いらえ
目覚めると全身は重い倦怠感に苛まれ、取り戻した聴覚はただ己の息づかいのみを捕らえた。四肢に力が入らない。まるで一日の始まりを拒むように、両手足はべったりとシーツに貼り付いていた。自分の惨状に流石のスザクも自嘲する。最近は、こんな朝ばかりだった。
暫く仰向けのまま天井を見つめた。四角いだけのそれを呆然と眺めて、呼吸と脈拍のリズムのずれを煩わしく感じた。 なんとか上半身だけは起こし、サイドテーブルに置かれた仮面に手をのばす。右手でその丸いフォルムをなぞり、再びもとあった場所へ丁寧に戻すと、スザクは次にサイドテーブルの引き出しからナイフを取り出した。金の装飾が施された、美しいナイフだった。綺麗に研かれた刃は煌めき、翡翠の双玉を映している。スザクの覇気のない瞳が、己を見ていた。
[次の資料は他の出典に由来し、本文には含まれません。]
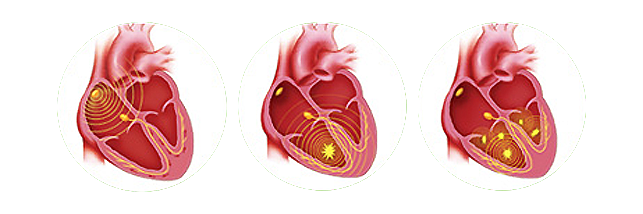 Sudden Cardiac Arrest Is Not the Same as a Heart Attack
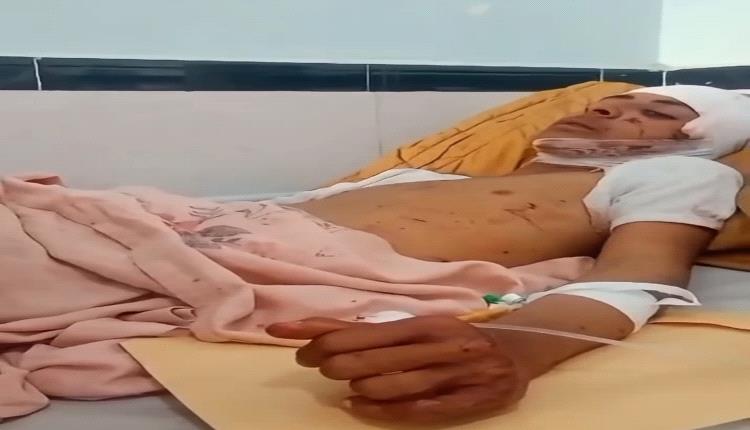 الجريح البطل عبدالحكيم الربيز أحد جرحى مجزرة الصواريخ البالستية التي استهدفت معسكر العلم م شبوة.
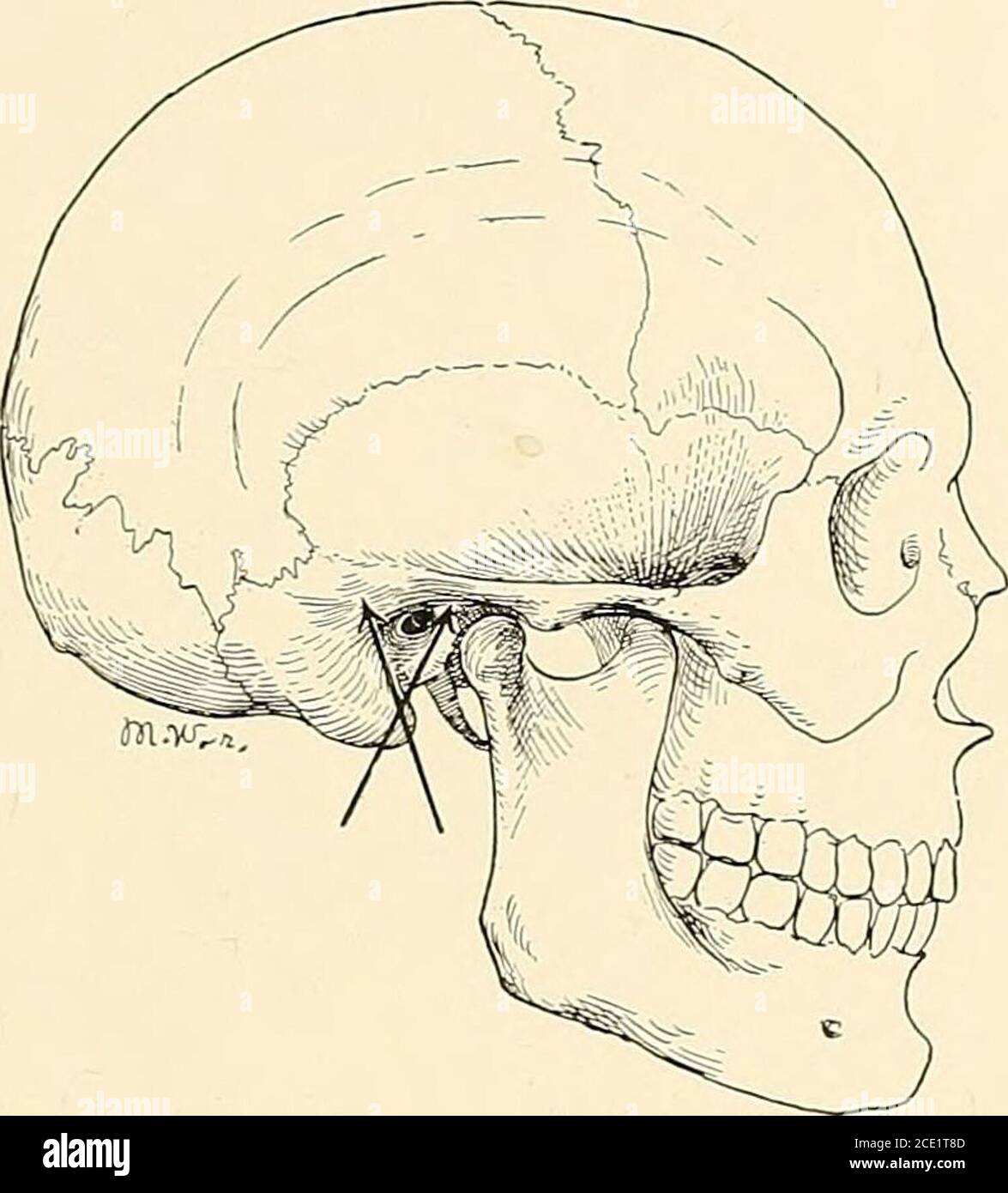 . Regional anesthesia its technic and clinical application . deep in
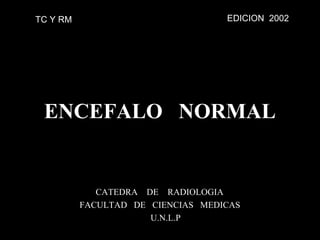 TC Y RM                            EDICION 2002




 ENCEFALO NORMAL


             CATEDRA DE RADIOLOGIA
          FACULTAD DE CIENCIAS MEDICAS
                      U.N.L.P
 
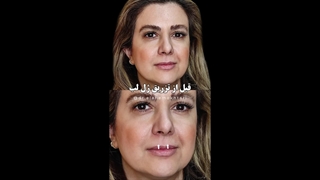 تزریق فیلر لب، گپ چانه و بوتاکس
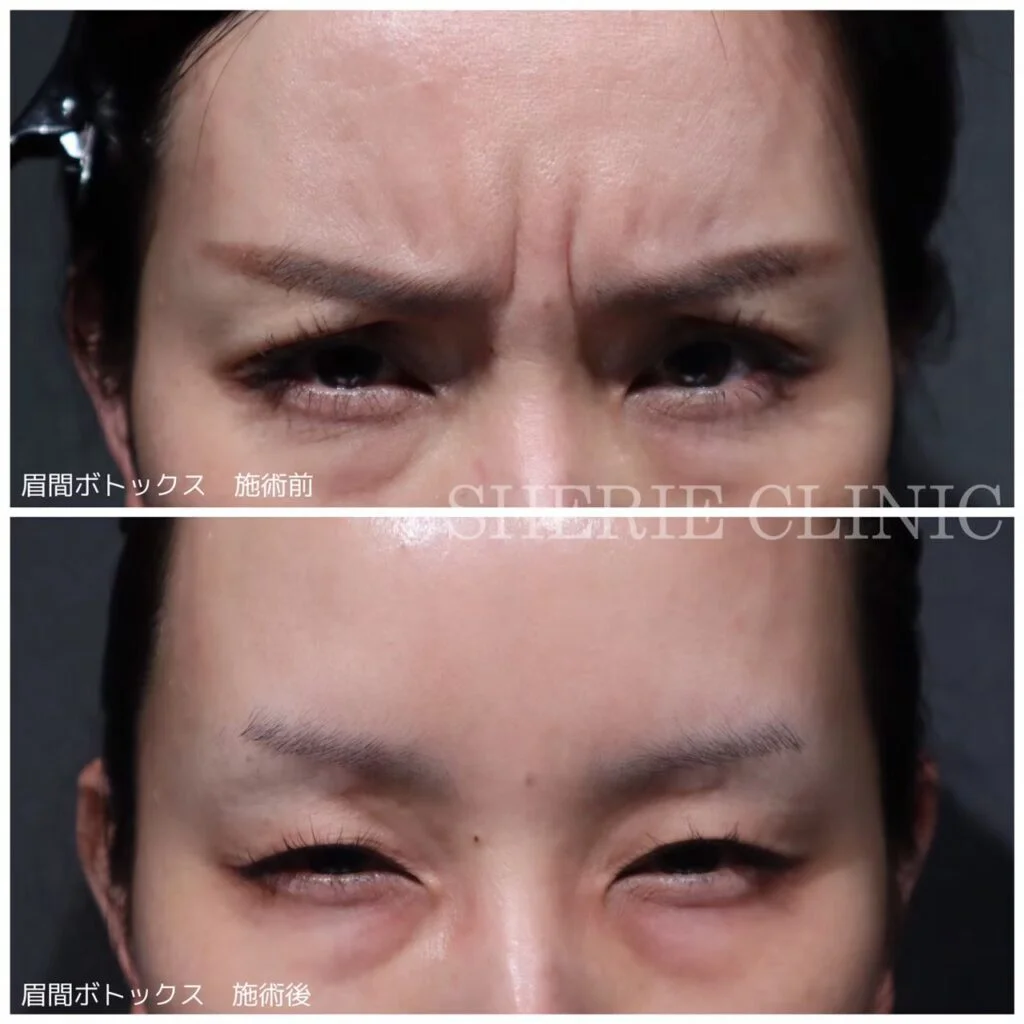 老けた雰囲気を与えてしまう「眉間のシワ」 原因と解消方法は? │ シェリークリニック|しわ・ほうれい線に関するコラム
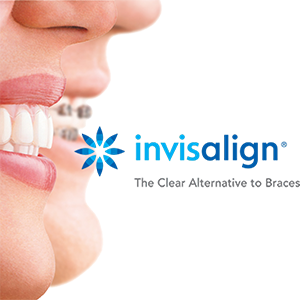 invisalign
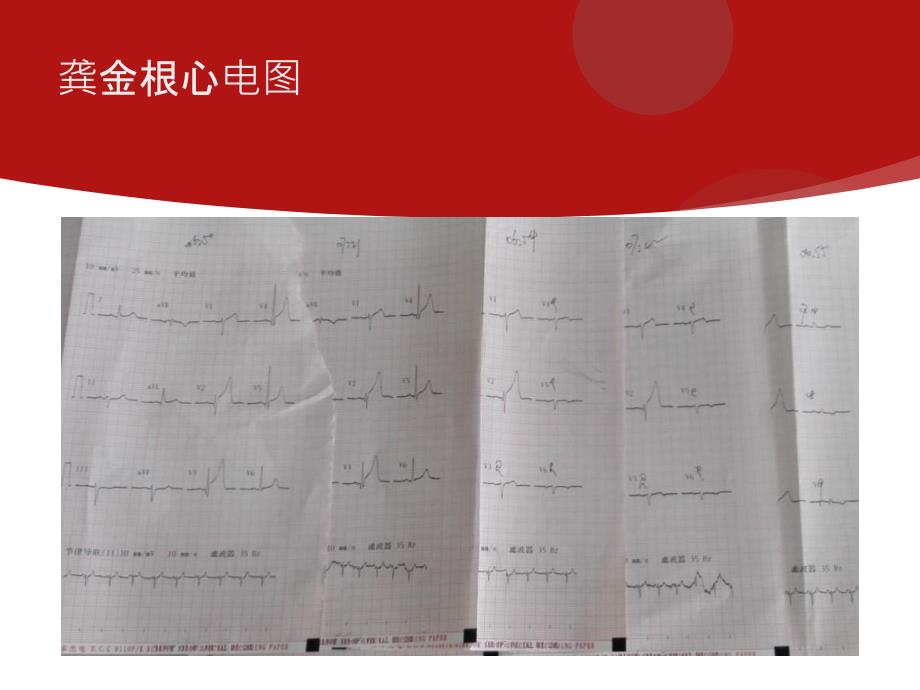 胸痛中心质量分析_第3页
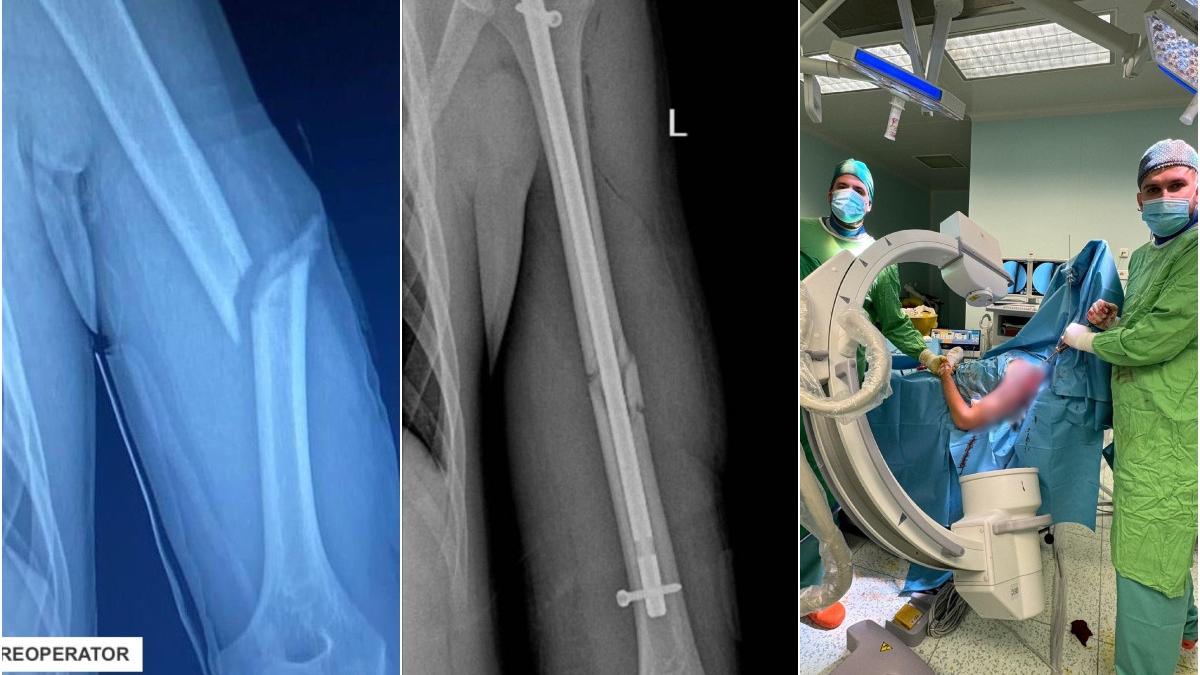 operatie premiera spital judetean oradea tanar vitima accident rutier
切っ先を喉もとへと向けた。一撃で致命傷になるよう、一切の恐れを捨てて。迷ってはならない。怯んではならない。スザクは一気に腕を引いた。
瞬間、響く。鼓膜より内側、脳にほど近く。あの願いが、赤い鳥とともに舞う。
ナイフは寸前で止まり、からりと音をたて床に転がった。切っ先が僅かに皮膚を掠め、うっすらと血が滲む。もう何度も同じことを繰り返しているために、首にはいくつもの傷跡が消えずに残っていた。
スザクはほっと息をつき、ここへきてやっとベッドから立ち上がった。ゼロの衣装を纏い、仮面を被り、彼の1日がこうして始まろうとしていた。もう目覚めた時のような倦怠感はない。今すぐにでも夢を見れるなら、きっと無声映画にも音が戻っていることだろう。スザクは最初から死ぬつもりなどなかったのだ。ただ彼の声を聞きたかった。それだけのことだった。